Nx servers -> Nx total throughput via parallel CPU, disk, net.
So handling more load only requires buying more computers.
Scaling gets harder as N grows:
Load im-balance, stragglers. straggelers是指99%的任务已经完成,但是剩下1%一直blocked。
Non-parallelizable code: initialization, interaction.
Bottlenecks from shared resources, e.g. network.
Note that some performance problems aren't easily attacked by scaling
e.g. decreasing response time for a single user request
might require programmer effort rather than just more computers
Topic: fault tolerance
1000s of servers, complex net -> always something broken
We'd like to hide these failures from the application.
We often want:
Availability -- app can make progress despite failures
Durability -- app will come back to life when failures are repaired
Big idea: replicated servers.
If one server crashes, client can proceed using the other(s).
Topic: consistency
General-purpose infrastructure needs well-defined behavior.
E.g. "Get(k) yields the value from the most recent Put(k,v)."
Achieving good behavior is hard!
"Replica" servers are hard to keep identical.
Clients may crash midway through multi-step update.
Servers crash at awkward moments, e.g. after executing but before replying.
Network may make live servers look dead; risk of "split brain".
Consistency and performance are enemies.
Consistency requires communication, e.g. to get latest Put().
"Strong consistency" often leads to slow systems.
High performance often imposes "weak consistency" on applications.
People have pursued many design points in this spectrum.
M/R
[diagram: MapReduce API --
map(k1, v1) -> list(k2, v2)
reduce(k2, list(v2) -> list(k2, v3)] master会将map的输出,相同key聚为一个list(v)
04年时候的最大的limitation是网络带宽,所以优化也是所有的数据尽量local或者在同一个子网中;但现在data center将这个问题重要性降低。
Map worker hashes intermediate keys into R partitions, on local disk
Map worker hashes intermediate keys into R partitions, on local disk
Q: What's a good data structure for implementing this?
How does detailed design reduce effect of slow network?
Map input is read from GFS replica on local disk, not over network.
Intermediate data goes over network just once.
Map worker writes to local disk, not GFS.
Intermediate data partitioned into files holding many keys.
Q: Why not stream the records to the reducer (via TCP) as they are being
produced by the mappers?
How do they get good load balance?
Critical to scaling -- bad for N-1 servers to wait for 1 to finish.
But some tasks likely take longer than others.
[diagram: packing variable-length tasks into workers]
Solution: many more tasks than workers.
Master hands out new tasks to workers who finish previous tasks.
So no task is so big it dominates completion time (hopefully).
So faster servers do more work than slower ones, finish abt the same time.
What about fault tolerance?
I.e. what if a server crashes during a MR job?
Hiding failures is a huge part of ease of programming!

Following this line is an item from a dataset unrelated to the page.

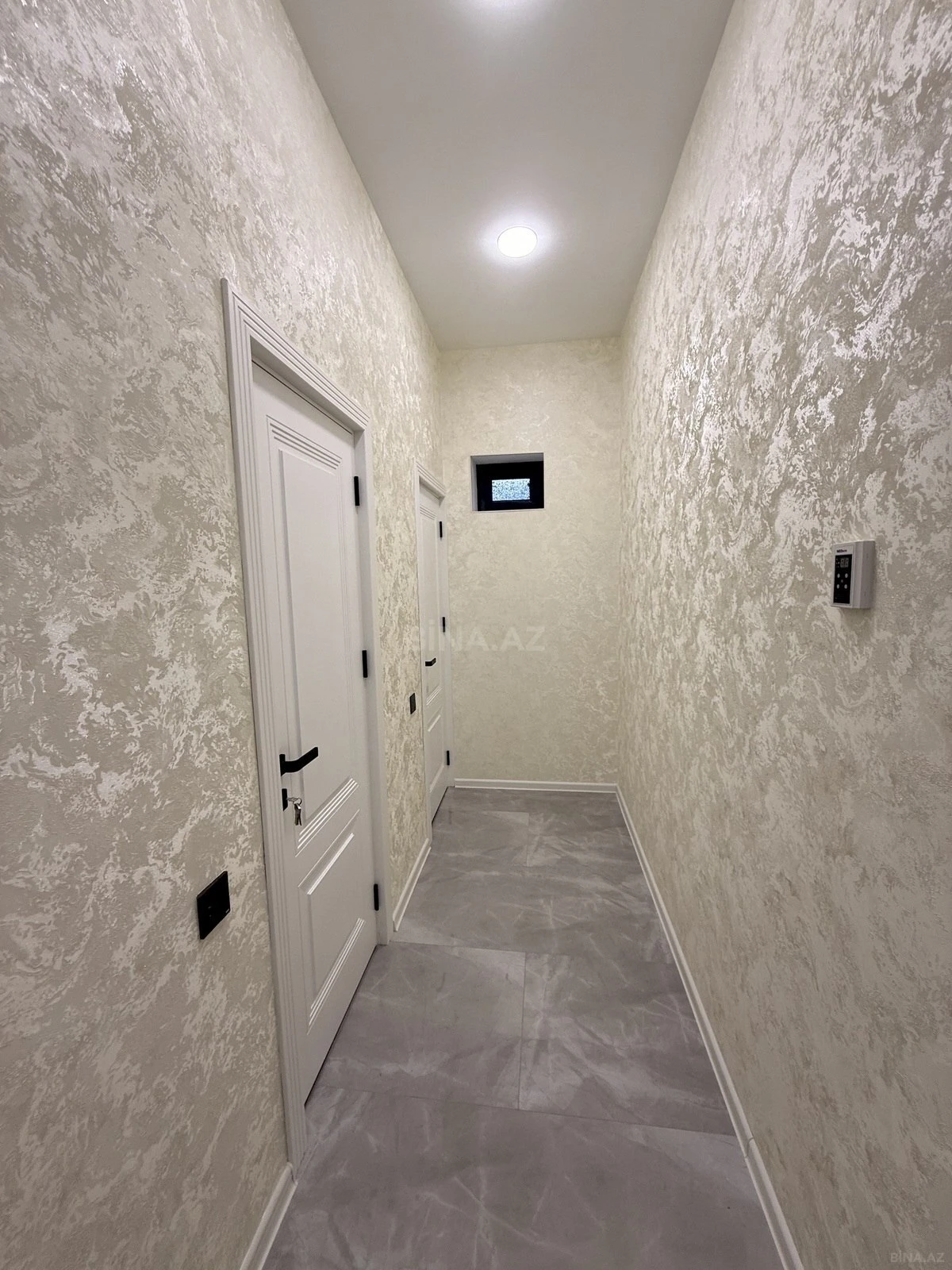 Satılır 5 otaqlı həyət evi 220 m²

Q: Why not re-start the whole job from the beginning?
MR re-runs just the failed Map()s and Reduce()s.
MR requires them to be pure functions:
they don't keep state across calls,
they don't read or write files other than expected MR inputs/outputs,
there's no hidden communication among tasks.
So re-execution yields the same output.
The requirement for pure functions is a major limitation of
MR compared to other parallel programming schemes.

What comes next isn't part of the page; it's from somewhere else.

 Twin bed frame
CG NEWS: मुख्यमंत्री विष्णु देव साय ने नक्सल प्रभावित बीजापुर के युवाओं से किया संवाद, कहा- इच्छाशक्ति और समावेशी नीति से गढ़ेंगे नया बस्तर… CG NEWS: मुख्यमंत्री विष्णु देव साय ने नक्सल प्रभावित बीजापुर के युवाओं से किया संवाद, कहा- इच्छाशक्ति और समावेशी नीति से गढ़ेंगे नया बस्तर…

But it's critical to MR's simplicity.
Details of worker crash recovery:
* Map worker crashes:
master sees worker no longer responds to pings
crashed worker's intermediate Map output is lost
but is likely needed by every Reduce task!
master re-runs, spreads tasks over other GFS replicas of input.
some Reduce workers may already have read failed worker's intermediate data.
here we depend on functional and deterministic Map()!
master need not re-run Map if Reduces have fetched all intermediate data
though then a Reduce crash would then force re-execution of failed Map
* Reduce worker crashes.
finshed tasks are OK -- stored in GFS, with replicas.
master re-starts worker's unfinished tasks on other workers.
* Reduce worker crashes in the middle of writing its output.
GFS has atomic rename that prevents output from being visible until complete.
so it's safe for the master to re-run the Reduce tasks somewhere else.
Other failures/problems:
* What if the master gives two workers the same Map() task?
perhaps the master incorrectly thinks one worker died.
it will tell Reduce workers about only one of them.
* What if the master gives two workers the same Reduce() task?
they will both try to write the same output file on GFS!
atomic GFS rename prevents mixing; one complete file will be visible.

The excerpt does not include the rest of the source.